After continuing the agglomerative operation of constructing a new cluster from the vectors or clusters in the nearest neighborhood using the linkage, for the $(m-1)$-th time we obtain a cluster $C_{2m-1}$ containing all vectors hierarchically. This is the basic idea and is known as hierarchical clustering since the resulting clusters are hierarchical.

The actual results computed on the Golub et al. dataset are shown in Figure 1. The clustering result can be represented as a dendrogram or a phylogenetic tree due to its hierarchical structure.

Dendrogram representation of the results of hierarchical clustering by gene expression levels for each patient.

Figure 1. Dendrogram representation of the results of hierarchical clustering by gene expression levels for each patient.

If we take three clusters with a threshold distance of 70.0, shown as a dashed line in the Figure 1, we can almost clearly classify the AML T-cell/B-cell and AML phenotypes, despite unsupervised learning without using phenotypes as labels.

Comparison with a Linear Method

The results of projecting the vector representations of the genotypes into two dimensions using principal component analysis, PCA, which is an unsupervised learning as well as hierarchical clustering, are shown in Figure 2.

Projection with PCA

Figure 2. Projection of the vectors of genotypes with PCA.

Although PCA, a linear method, can be used to classify ALL and AML groups, the discrimination between T-cell and B-cell groups of ALL is unclear.

Implementation in Python

There are several known packages for hierarchical clustering in Python.
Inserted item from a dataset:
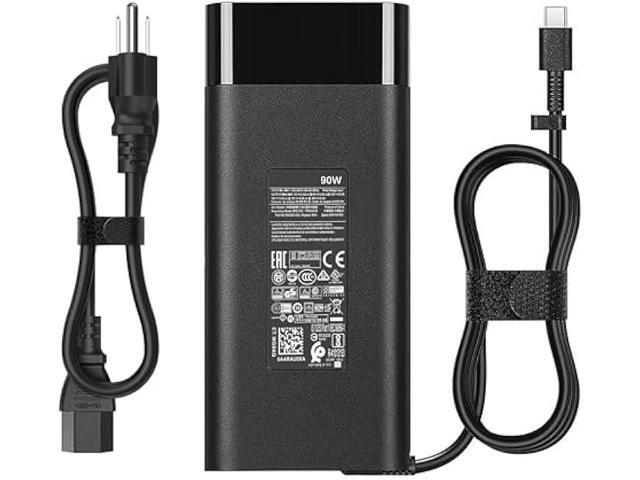 90W USB Type C Laptop Charger Compatible with HP Envy x360 14 15 16 17 Spectre x360 EliteBook 1040 G4 1040 G5 ZBook x2 G4,19.5V /4.5A 90W AC...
Here, we will implement the algorithm using numpy to understand the algorithm.

As a data structure required for the calculation, we define a dictionary $C$ that corresponds to the index of a cluster $C_i$ and indicates the number of vectors in the cluster $|C_i|$.

C = dict()
for i in range(X.shape[0]):
    C[i] = 1

Since the rows of the dataset $X$ are vectors representing samples, we assign $|X_i| = 1$ as a cluster consisting of a single vector.
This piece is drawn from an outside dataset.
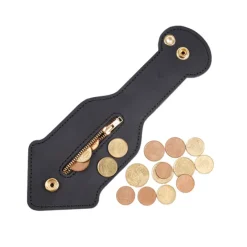 PJ23BLK - VIPERADE Porte-monnaie en cuir « Slapjack » NOIR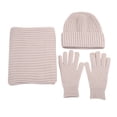 thumbnail image 1 of FYEGRE Winter Scarf Hat And Knitted Neck Warmer Mittens Set For Extreme Cold Weather Khaki One Size, 1 of 6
We also determine the matrix $D$ that represents the distance or linakge between each cluster containing vectors.

class DistanceMatrix(object):
    def __init__(self):
        self.matrix = dict()

    def __setitem__(self, key, value):
        i, j = key
        if i > j:
            i, j = j, i
        self.matrix[i, j] = value
        
    def __getitem__(self, key):
        i, j = key
        if i == j:
            return 0
        if i > j:
            i, j = j, i
        return self.matrix[i, j]

considering that Ward linkage includes Euclidean distances, this matrix $D$ can be thought of as a distance matrix between clusters. At first, the distance matrix $D$ is created as a square matrix of order $m$ representing the distances for all vector combinations in the dataset $X$. Let $d_{i,j}$ be the Euclidean distance of the vectors $X_i$ and $X_j$, then $D = [d_{i,j}]$. Since $D$ is a real symmetric matrix and its diagonal components are zero, we only need to compute it when $i < j$.
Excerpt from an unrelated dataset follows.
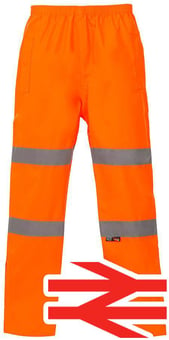 picture of Orange Hi Vis Breathable Trousers - EN ISO 20471 Class 1:2 - ST-18B81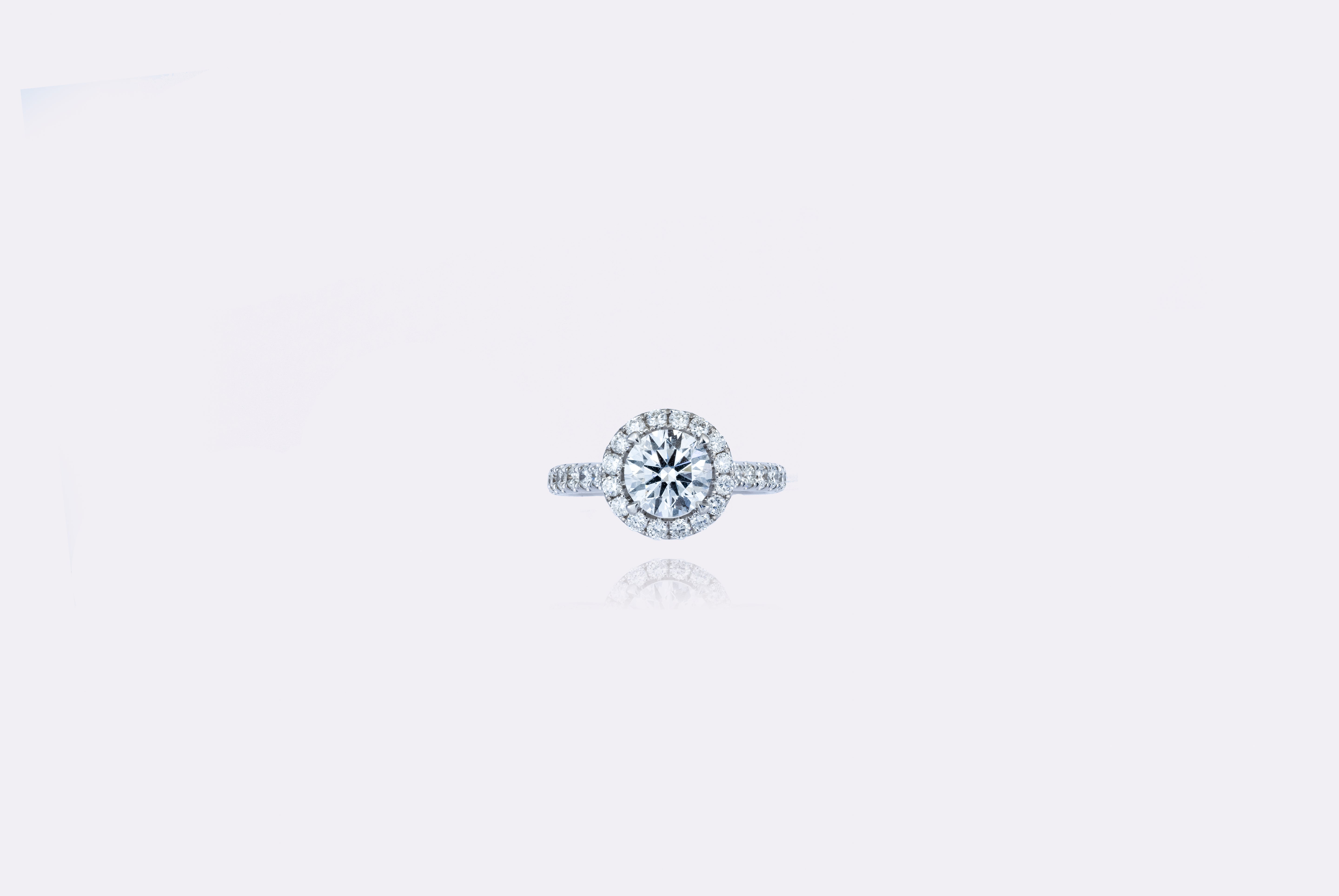 Crystal Elegance: Lab-Created Diamond Halo Ring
euclidean = lambda x, y: np.sqrt(np.sum((x - y)*(x - y)))

D = DistanceMatrix()
for i in range(X.shape[0]):
    for j in range(X.shape[0]):
        if i < j:
            D[i, j] = euclidean(X[i, :], X[j, :])

Create a new cluster from the vectors and clusters with the closest distances contained in this $D$, calculate the distances between the new cluster and the other clusters, and add them to $D$. The cluster containing all vectors is $C_{2m-1}$, and $D$ is then a square matrix of order $(2m-1)$.

for k in range(X.shape[0] - 1):
    # Find the two clusters in the closest neighborhood.
    minimum = np.Infinity
    for i in C.keys():
        for j in C.keys():
            if i < j and D[i, j] < minimum:
                minimum = D[i, j]
                x, y = i, j

    # Create the new cluster from x and y.
    C[X.shape[0] + k] = C[x] + C[y]

    # Update the distance matrix.
    for i in C.keys():
        if i < X.shape[0] + k:
            D[i, X.shape[0] + k] = ward(x, y, i, D, C)
    
    # Clusters x and y are included in the new cluster.
    del C[x], C[y]

References

Footnotes

  1. T.R. Golub et al., Molecular Classification of Cancer: Class Discovery and Class Prediction by Gene Expression Monitoring, Science, 286(5439):pp531-7, 15 Oct 1999.

  2. J.H. Ward, Hierarchical Grouping to Optimize an Objective Function, J Am Stat Assoc, 58, 236–244, 1963.